Allora mettiamoci in cammino: “Signore, da chi andremo? Tu hai parole di vita eterna”. Andiamo a Lui con la nostra povera fede, tra alti e bassi, tra dubbi, paure e sprazzi di luce; affidiamogli il nostro povero cuore perché se ne prenda cura, cosi che impari ad ascoltare senza giudicare, a parlare senza ferire, ad amare senza umiliare, impari la fede quotidiana per credere e vivere nel suo amore.
“Signore,
da chi andrò se non da Te?
Desidero che i miei piedi seguano il cuore,
perché solo così ciò che la Tua Parola mi dona,
torni a Te, con me.
Spesso vago,
neppure io so dove andare
e mi spavento come un bimbo del buio.
Abbi cura di me,
Tu che sei luce, apri i miei occhi, affinché veda che sei Tu per primo
Un Dio che per darci la vita si fa mangiare non è solo un’espressione molto forte, ma è la realtà a cui siamo invitati a partecipare.
“Chi mangia la mia carne e beve il mio sangue ha la vita eterna”.
Carne e sangue, sono segni concreti della della vita e del dono totale che Gesù compie per noi attraverso la sua umanità.
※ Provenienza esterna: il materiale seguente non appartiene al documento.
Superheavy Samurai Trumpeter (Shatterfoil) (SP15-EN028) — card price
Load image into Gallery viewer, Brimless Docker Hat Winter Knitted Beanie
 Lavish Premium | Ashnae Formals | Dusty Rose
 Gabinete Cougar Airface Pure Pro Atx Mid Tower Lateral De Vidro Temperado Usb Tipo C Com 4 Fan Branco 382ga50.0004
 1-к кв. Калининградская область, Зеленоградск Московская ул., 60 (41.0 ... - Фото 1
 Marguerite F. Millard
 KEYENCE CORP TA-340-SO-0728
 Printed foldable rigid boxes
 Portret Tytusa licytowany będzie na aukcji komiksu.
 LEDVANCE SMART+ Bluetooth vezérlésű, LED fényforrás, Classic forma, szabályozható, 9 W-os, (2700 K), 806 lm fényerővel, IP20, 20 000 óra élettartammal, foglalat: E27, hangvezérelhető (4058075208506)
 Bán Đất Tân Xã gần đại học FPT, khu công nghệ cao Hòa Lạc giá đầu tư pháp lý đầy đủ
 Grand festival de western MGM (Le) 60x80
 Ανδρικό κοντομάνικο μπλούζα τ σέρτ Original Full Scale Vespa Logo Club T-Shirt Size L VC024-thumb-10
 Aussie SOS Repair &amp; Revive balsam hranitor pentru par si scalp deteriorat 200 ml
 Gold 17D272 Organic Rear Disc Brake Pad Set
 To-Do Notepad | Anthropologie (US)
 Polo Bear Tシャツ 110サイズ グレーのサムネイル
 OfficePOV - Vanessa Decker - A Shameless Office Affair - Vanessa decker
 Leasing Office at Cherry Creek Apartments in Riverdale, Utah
Mangiare e bere ci permette di assimilare cio che assumiamo. Per crescere bene abbiamo bisogno di mangiare bene, e nulla come il corpo di Cristo ci può far crescere e aderire a Lui, il Signore di ogni bontà.
Partecipando alla Cena Eucaristica, assimiliamo la sua vita: corpo e sangue, tutto di Lui perché nulla di Dio rimanga a Dio, ma tutto venga donato all’uomo. Perché partecipando al suo corpo e al suo sangue scenda su di noi la pienezza di ogni grazia e benedizione dal cielo.
Questa offerta totale della sua umanità, ci rende visibile quel Dio invisibile che è tutto e solo amore per noi; qui si celebra l’alleanza nuova e definitiva tra cielo e terra, tra la mia umanità e la sua grandezza.
Nel dono della carne e del sangue di Gesù, il Figlio di Dio, si svela e si compie il dono di una vita che dura per l’eternità, perché solo chi mangia la Vita, ovvero chi partecipa del suo amore vivrà sempre nell’amore, e di questo ricevendo nelle nostre mani il suo corpo, gioiamo dicendo: “Amen”.
“Signore,
a volte sono così stanco
e mi rifugio qui,
in uno di questi banchi della chiesa,
tra le gente, che come me,
viene per chiedere coraggio, conforto.
“Amen!”. Ti ho tra le mani,
eppure sono io che da sempre
sono nelle Tue.
Scendi nel mio cuore,
rassicuralo,
perché non ho altro che Te,
Sii Tu la mia ripartenza
quando il cuore fatica a vedere,
e fa che li ritrovi la forza
in quell'”amen” di Te.”(Shekinaheart eremo del cuore)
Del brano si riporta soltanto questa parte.